Category Archives: maths

VerifAI

What’s wrong with me? I no longer have the urge to check when someone on the internet mentions an AI getting things wrong; you know, hallucinating (offering demonstrably false statements as facts).

An increasing number of reports of such behaviour appear to be completely fabricated either for the lolz or as another reason to not use AI, but some are verifiable.

It’s undeniable that AIs or large language models (LLMs) are an increasing part of modern life, and whether one personally participates in the hype/bubble/de-skilling of not. But I’ve concluded that it’s pointless to fact-check posts. Why?

Other than using an AI how else is there to find out whether someone is making something up?

Humans don’t want to hear things that upset their worldview. We saw it writ large at the height of the COVID-19 pandemic, we’re seeing it with the rise of populist, far-right politicians. We should be checking stuff the little people in our phones or on our computer and TV screens are saying, and yet we don’t.

Why? Despite the decades-old dream of artificial intelligence giving us time to do things that enrich our lives, it’s not really come to pass has it. But it really can’t be far away now, right?
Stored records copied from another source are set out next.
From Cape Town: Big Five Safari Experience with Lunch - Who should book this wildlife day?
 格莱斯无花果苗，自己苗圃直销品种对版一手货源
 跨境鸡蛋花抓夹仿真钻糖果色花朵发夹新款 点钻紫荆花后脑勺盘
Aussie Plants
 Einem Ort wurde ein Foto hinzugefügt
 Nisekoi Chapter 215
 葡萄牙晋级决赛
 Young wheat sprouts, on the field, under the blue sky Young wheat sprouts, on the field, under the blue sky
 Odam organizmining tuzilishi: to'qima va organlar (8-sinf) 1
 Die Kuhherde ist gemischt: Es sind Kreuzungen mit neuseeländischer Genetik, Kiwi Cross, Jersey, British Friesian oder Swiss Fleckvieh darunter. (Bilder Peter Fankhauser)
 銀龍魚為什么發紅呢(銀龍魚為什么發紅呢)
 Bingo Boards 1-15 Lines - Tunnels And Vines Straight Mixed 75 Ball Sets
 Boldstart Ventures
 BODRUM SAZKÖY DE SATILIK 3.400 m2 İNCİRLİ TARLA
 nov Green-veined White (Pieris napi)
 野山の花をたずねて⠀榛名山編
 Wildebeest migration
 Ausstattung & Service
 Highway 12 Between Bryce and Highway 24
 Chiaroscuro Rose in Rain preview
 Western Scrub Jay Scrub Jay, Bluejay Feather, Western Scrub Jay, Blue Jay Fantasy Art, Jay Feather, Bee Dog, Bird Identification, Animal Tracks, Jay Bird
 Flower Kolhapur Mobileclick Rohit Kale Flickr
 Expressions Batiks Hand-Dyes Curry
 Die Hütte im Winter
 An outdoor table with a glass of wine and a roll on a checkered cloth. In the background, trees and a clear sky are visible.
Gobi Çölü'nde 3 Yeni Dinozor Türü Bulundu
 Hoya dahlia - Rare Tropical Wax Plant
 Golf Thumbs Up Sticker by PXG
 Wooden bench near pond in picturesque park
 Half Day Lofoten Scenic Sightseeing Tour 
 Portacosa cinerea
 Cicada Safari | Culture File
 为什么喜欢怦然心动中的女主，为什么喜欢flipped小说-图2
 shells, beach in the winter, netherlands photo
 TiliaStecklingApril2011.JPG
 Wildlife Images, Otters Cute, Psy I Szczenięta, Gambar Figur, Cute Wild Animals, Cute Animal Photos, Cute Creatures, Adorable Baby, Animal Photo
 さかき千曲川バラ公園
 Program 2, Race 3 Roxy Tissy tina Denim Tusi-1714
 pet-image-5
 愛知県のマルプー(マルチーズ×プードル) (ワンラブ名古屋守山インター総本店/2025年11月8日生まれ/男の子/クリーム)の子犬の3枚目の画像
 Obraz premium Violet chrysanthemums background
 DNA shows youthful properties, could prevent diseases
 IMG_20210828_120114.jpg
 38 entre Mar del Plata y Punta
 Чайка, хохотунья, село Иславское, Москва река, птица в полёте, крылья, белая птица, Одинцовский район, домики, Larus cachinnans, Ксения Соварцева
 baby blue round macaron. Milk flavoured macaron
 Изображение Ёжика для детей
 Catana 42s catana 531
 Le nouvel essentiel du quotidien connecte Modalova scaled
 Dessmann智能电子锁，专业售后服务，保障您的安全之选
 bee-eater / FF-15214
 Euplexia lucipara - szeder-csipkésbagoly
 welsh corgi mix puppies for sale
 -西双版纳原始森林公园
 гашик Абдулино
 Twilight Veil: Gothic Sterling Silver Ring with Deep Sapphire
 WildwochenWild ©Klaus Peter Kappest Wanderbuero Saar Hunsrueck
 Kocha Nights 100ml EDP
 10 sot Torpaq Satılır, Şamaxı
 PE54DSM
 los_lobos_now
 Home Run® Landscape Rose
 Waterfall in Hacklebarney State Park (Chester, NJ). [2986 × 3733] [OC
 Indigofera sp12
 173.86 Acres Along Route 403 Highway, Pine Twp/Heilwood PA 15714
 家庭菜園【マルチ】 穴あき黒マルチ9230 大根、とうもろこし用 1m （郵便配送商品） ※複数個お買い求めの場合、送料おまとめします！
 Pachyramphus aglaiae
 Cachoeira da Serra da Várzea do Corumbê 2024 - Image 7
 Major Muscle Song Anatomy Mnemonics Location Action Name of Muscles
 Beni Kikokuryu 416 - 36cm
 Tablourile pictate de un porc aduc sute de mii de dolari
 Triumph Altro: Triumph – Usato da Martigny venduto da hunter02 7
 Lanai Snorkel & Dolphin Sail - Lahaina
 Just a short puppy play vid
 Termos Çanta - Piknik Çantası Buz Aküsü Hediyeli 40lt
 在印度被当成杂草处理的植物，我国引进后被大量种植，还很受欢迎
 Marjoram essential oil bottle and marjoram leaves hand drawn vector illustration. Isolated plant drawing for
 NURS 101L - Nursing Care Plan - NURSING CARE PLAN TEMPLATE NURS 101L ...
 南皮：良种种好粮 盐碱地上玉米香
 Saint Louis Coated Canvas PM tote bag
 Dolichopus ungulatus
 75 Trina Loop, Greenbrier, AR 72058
All the media chatter is of knowledge transfer, of chatbots supplanting interactions between humans, of ‘coming here and stealing our jobs…’ of the billions spent by the billionaires on the data centres required to keep AI running… and of the billions written off by the billionaires as each technology hits an evolutionary dead end.

It looks to me like Facebook’s ‘move fast and break things’ motto won out over Google’s ‘do no evil’. And it’s boundless.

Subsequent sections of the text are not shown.